I sent GW a email asking about the price 

"Hello, I was just wondering why is it cheaper for me to order the warhammer collectors edition & gamers edition rulebook from your UK branch. to buy it from GW uk it would cost me 128 AUD plus postage of about 10 dollars. why is this? it just inconveniences your customers."

this was there reply

"Good afternoon,
Thanks for writing in. Each business sets it's own prices for it's products. The Warhammer 8th edition rulebook retails for $124 AUD here in Australia with free of charge standard shipping anywhere in Australia. You can place a pre-order on our website here;
http://www.games-workshop.com/gws/catalog/armySubUnitCats.jsp?catId=cat1510420&rootCatGameStyle=wh

Thanks again, feel free to contact us again if you have any further queries."
what did that have to do with the original question???


----------



## Katie Drake (Nov 28, 2007)

mic1402 said:


> what did that have to do with the original question???

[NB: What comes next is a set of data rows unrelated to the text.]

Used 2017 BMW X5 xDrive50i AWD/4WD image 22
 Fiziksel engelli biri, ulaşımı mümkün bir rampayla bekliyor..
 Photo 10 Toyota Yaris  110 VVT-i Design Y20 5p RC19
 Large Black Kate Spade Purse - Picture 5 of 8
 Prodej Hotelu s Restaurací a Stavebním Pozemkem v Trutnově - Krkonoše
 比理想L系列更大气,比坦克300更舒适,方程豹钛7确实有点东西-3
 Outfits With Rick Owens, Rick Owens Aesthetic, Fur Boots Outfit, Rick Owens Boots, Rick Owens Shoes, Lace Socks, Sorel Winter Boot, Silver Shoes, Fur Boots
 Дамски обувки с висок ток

If you've ever seen a politician answer a question s/he didn't want to, you'll know what that email was. To spell it out, it's known as "dodging the question".


----------



## mic1402 (Jun 4, 2010)

yeah i know. sent another email. more specific this time.


----------



## ChaosRedCorsairLord (Apr 17, 2009)

As my father always says politicians can talk all day without saying anything. It seems to apply to GW too...


----------